I wanted to help, but I knew we couldn’t stop the van on the middle of the hill. As we swept past, I prayed we would somehow reach this woman and child. Caught up in taking pictures of the women and children at the top of the hill — and in following our people into the refugee homes — I quickly forgot the sight of the weary woman. As we were preparing to leave, though, my heart jumped again, and I uttered a quick prayer of thanks as our Muslim leader stood with her arm around the woman, leading her to our van.
It was quickly discovered that our van had run out of food, so the woman was directed down the hill toward our other vehicle. While we jumped into our air-conditioned van which turned around to navigate the steep decline, I noticed the woman running with her child down the hill ahead of us. I felt thankful that this woman would receive food.
But in the true nature of the Middle East, where we had changed plans several times a day — and sometimes by the moment — our leader decided that it was too dangerous to open the vehicle idling at the bottom of the hill and that both vehicles should move out of the area before we created a riot.
Tears sprang to my eyes as I turned in my seat to watch the woman and child silently chase us — one hand waving us down as she struggled to keep up for at least half a mile while we moved in stops and starts through heavy marketplace traffic. Desperate, she caught up to my window once, and I could but shrug and say through the glass: “I’m sorry, I’m sorry.”
I told those in the van who had by now commented on her endurance in following us: “Put yourself in her shoes. She is a desperate mother who is hungry and knows her child is hungry. What would you do if you knew you had been promised food?”

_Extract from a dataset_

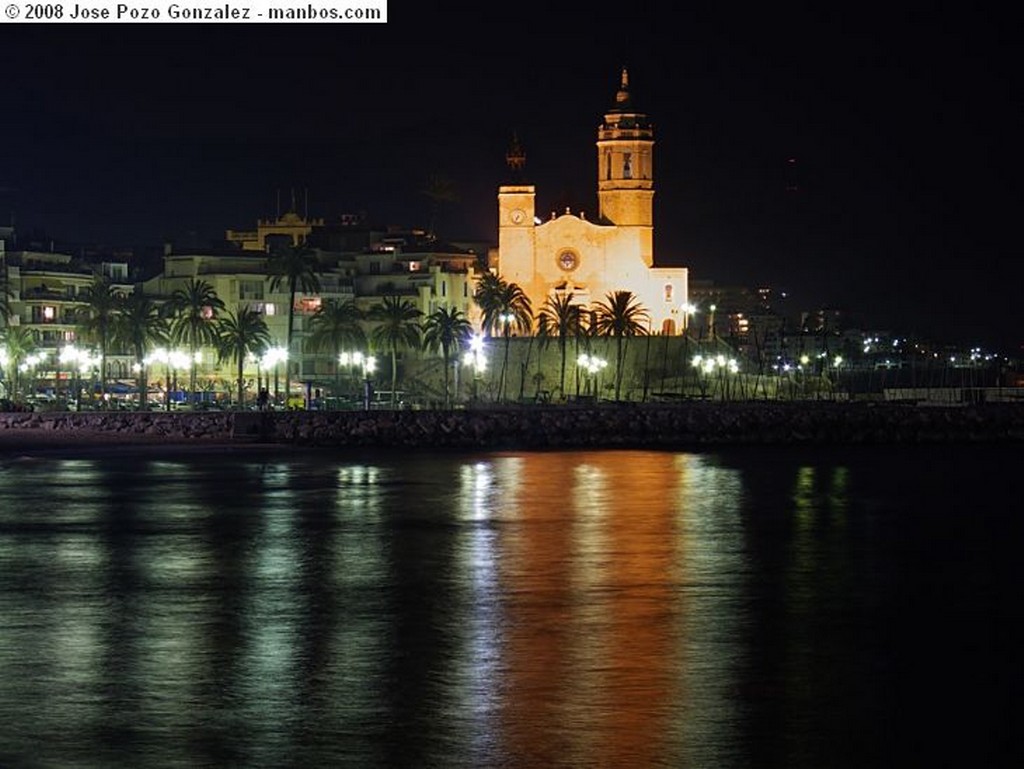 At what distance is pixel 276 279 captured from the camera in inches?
3866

In my heart, I knew it was wrong to make a promise, even in the heat of the moment, to a person so worthy of our care. It grieved me to think we would leave the neighborhood and our Christian witness in this land of Islam would be irreparably impacted by our failure to keep our word to the neediest of God’s own creation. Reason fought over tears as in anguish I asked our driver if I could at least hand her some money so that she could shop for her family.

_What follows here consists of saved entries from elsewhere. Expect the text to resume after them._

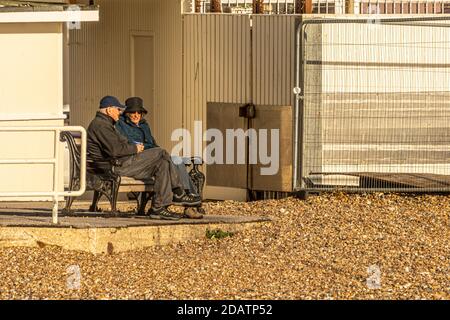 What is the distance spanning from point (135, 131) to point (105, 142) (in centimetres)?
89

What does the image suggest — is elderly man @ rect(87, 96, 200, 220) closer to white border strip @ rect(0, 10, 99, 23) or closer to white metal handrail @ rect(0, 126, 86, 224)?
white metal handrail @ rect(0, 126, 86, 224)

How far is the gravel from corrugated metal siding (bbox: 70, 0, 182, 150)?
3635 mm

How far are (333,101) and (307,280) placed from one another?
5322mm

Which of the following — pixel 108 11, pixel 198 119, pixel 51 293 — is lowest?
pixel 51 293

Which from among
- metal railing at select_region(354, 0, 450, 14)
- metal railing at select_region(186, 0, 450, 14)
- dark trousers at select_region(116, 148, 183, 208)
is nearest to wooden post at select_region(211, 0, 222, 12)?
metal railing at select_region(186, 0, 450, 14)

To my amazement, he told me I could. Reaching into my passport purse, I pulled out what would more than cover the price of a box of food. Tears popping, I prayed the traffic would delay us long enough for the woman to catch up. I could hear the earnest prayers of those in our van.

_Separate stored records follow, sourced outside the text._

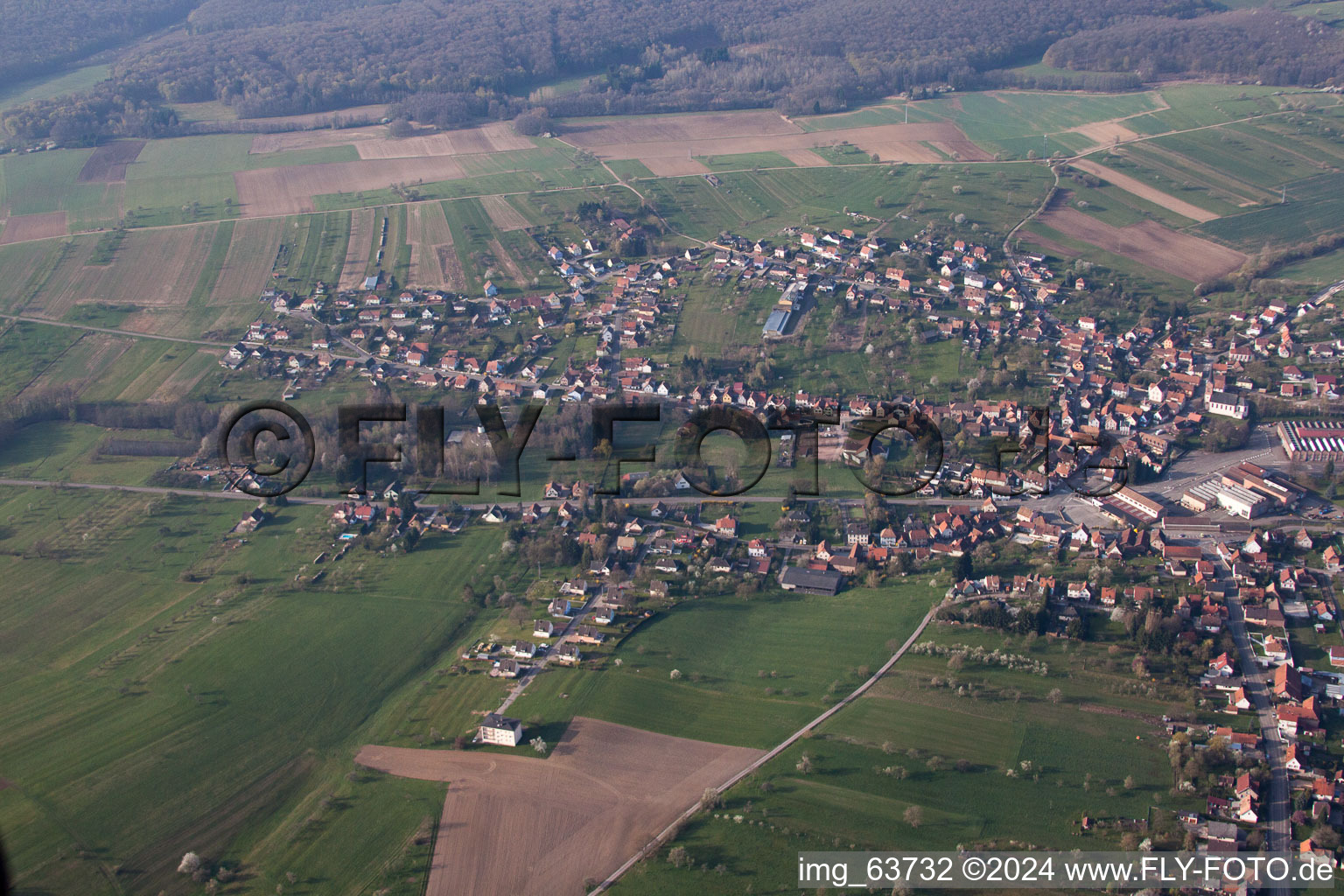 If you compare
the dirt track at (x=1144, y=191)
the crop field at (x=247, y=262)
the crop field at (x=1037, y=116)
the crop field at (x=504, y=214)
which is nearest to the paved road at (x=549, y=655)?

Finally, the woman reached us just in time for me to roll down the window and hand out the Jordanian money. The look in her eye was one of honor and respect, of thankfulness and humility. I had only a glimpse into her soul when I told her, “Jesus loves you.”
The blank look brightened for a moment when she said, “Shokran (thank you),” and then turned away to comfort her wailing and weary son whom she had dragged through the streets. My last sight was of her was kissing his tear-stained face as the van whisked away.
“God, You are gracious,” I prayed. “Thank You for that opportunity and show me every day how I might love unconditionally. Help me to always keep my word and let that word be a testimony of all You have done for me — lest I forget the downtrodden who need You.